The German bank plans to end business activities in coal mining by 2025. It will review activities in Europe and the US by end-2020, and in Asia starting 2022.
Asia’s longer timeline is given ‘the fact that the transformation in Asia will take longer owing to the region’s high dependency on coal power,’ Deutsche said Monday.
Exceptions may be made for coal-dependent companies seeking financing with ‘credible diversification plans,’ it said.
Going forward, the bank will also stop financing some oil and gas projects. These include projects using hydraulic fracturing – a drilling method used to extract the commodities – in countries with scarce water supplies.
It will avoid new projects in the Arctic region, and new oil sand projects involving exploration, production, transport or processing.

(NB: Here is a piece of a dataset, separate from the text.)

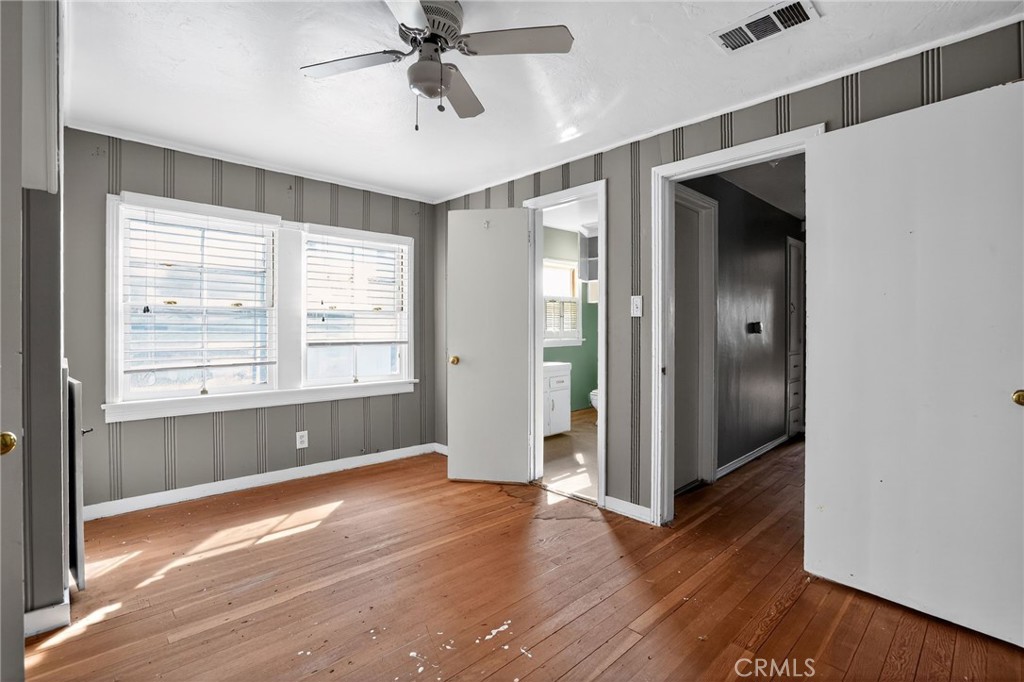 1717 Locust Ravine Bakersfield, CA 93306 - Photo 14 of 29 a view of an empty room with a window and wooden floor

Deutsche intends to review its oil and gas activities by the end of the year ‘with the aim of subsequently reducing these’, under its tighter policy.
CEO Christian Sewing, who also chairs the bank’s sustainability council, said: ‘In its current form, the policy sets us ambitious targets and enables us to help our long-standing clients with their own transformation.
‘It will allow us to play our part in protecting the climate and helping the EU to achieve its goal of being climate neutral by 2050.’
Deutsche will build on earlier commitments in the days ahead. It had looked to reduce its loan exposures to coal-fired power plants by 20%, that was achieved in 2019.
In May, the bank set quantifiable sustainable targets, including having at least €200bn ($234.7bn) of sustainable financing and investments by 2025.
It issued its first own green bond a month later, with a six-year tenor and a volume of €500m ($586.8m).
Other banks have reined in on fossil fuels. Credit Suisse has vowed to stop financing new coal-fired power plants, while Pictet Group will remove fossil fuel producers and extractors from its balance sheet this year.
Pictet’s fossil fuel assets, including exposure to thermal coal and oil and gas extractors, amounted to CHF 250m ($271.1m) as of 31 December 2019.